HMRC internal manual

Capital Gains Manual

CG73860 - Non-Resident Capital Gains Tax (NRCGT) – Disposals on or after 6 April 2015 to 5 April 2019: Interaction between Non-Resident CGT and ATED-related CGT: Introduction

‘ATED-related CGT’ was introduced in 2013 alongside the income tax charge ‘ATED’ - Annual Tax on Enveloped Dwellings.

As explained in CG73600, the two taxes were introduced primarily to discourage the ‘enveloping’ of UK residential property in a corporate entity to avoid Stamp Duty Land Tax. Effective ownership of properties could be transferred without SDLT being incurred, because the asset sold would be an interest in the entity and not the property itself.

ATED is payable yearly by the envelope entity for any high-value UK residential property it owns, at a rate determined by the value of the property. “High value” properties were initially those worth in excess of £2 million, with the tax payable per year ranging from £15,000 to £140,000 according to the value of the property. Changes were announced in 2014 which have the effect of progressively reducing the threshold at which tax becomes payable from £2 million to £500,000.

ATED-related CGT applies in respect of gains accruing to these ‘envelope’ entities on disposal of such properties, to the extent that ATED has been paid on them. The legislation refers to a charge on “relevant high value disposals”.

Both ATED-related CGT and non-resident CGT apply to disposals of UK residential property held by overseas companies. Given their common target, some lobby groups called for ATED-related CGT to be abolished when plans for non-resident CGT were announced, but government Ministers made the policy decision that it was appropriate to have both taxes.

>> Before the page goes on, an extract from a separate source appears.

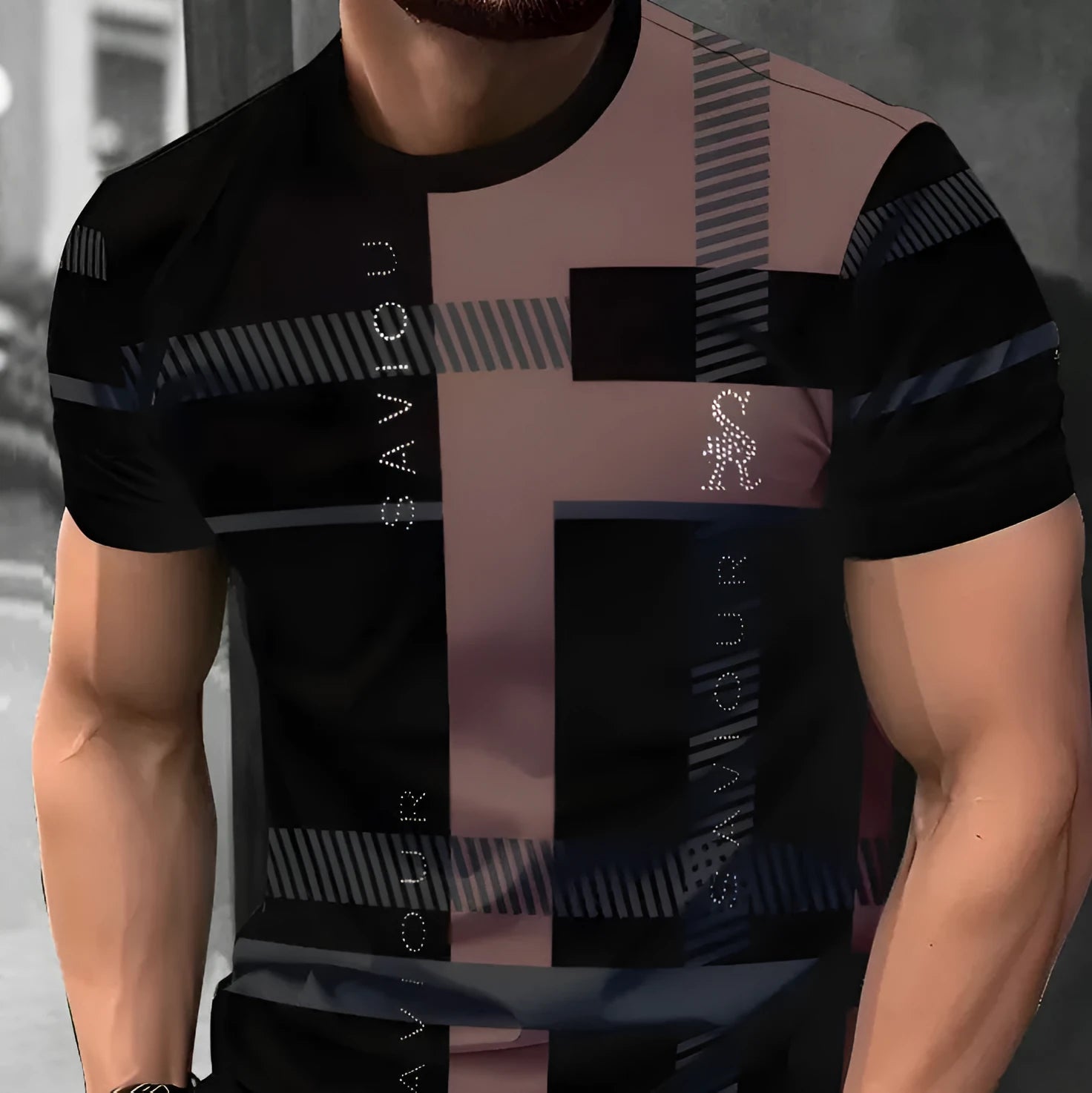 Men's loose fit short-sleeved T-shirt with digital 3D printed striped design in multiple colour options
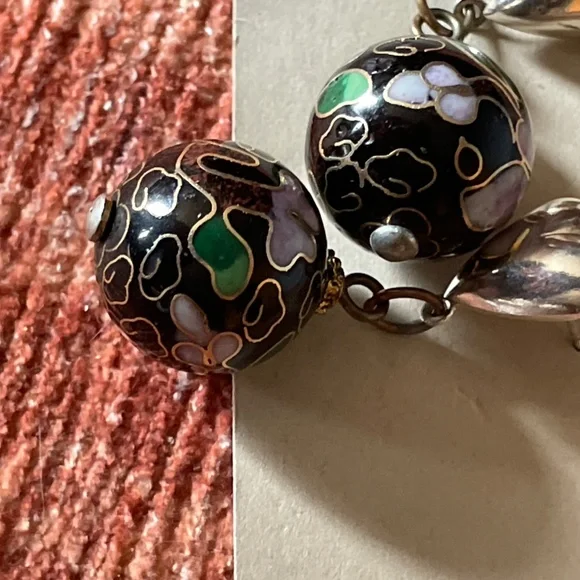 Black cloisonné Rounds, Masha Archer designer earrings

A crucial point is that the 2015 legislation provides for a charge to ATED-related CGT and the computation of ATED-related gains to take precedence over a charge to non-resident CGT in appropriate cases.

The computational rules for ATED-related CGT are set out in TCGA/Sch 4ZZA and for non-resident CGT in Sch 4ZZB (Sch 4ZZB/Part 4 is specifically concerned with NRCGT cases that involve relevant high value disposals). The 2015 legislation introduces complex rules that inter alia prevent double charging or other mismatches between the two provisions, in cases where the disposal of a UK residential property interest may fall within the scope of a charge to CGT under both heads.

This Part of the manual considers interactions between the two charges.

(These rules are relevant to disposal in the period 6 April 2015 to 5 April 2019. From 6 April 2019 there were significant changes. See the guidance at CG73920 onwards.)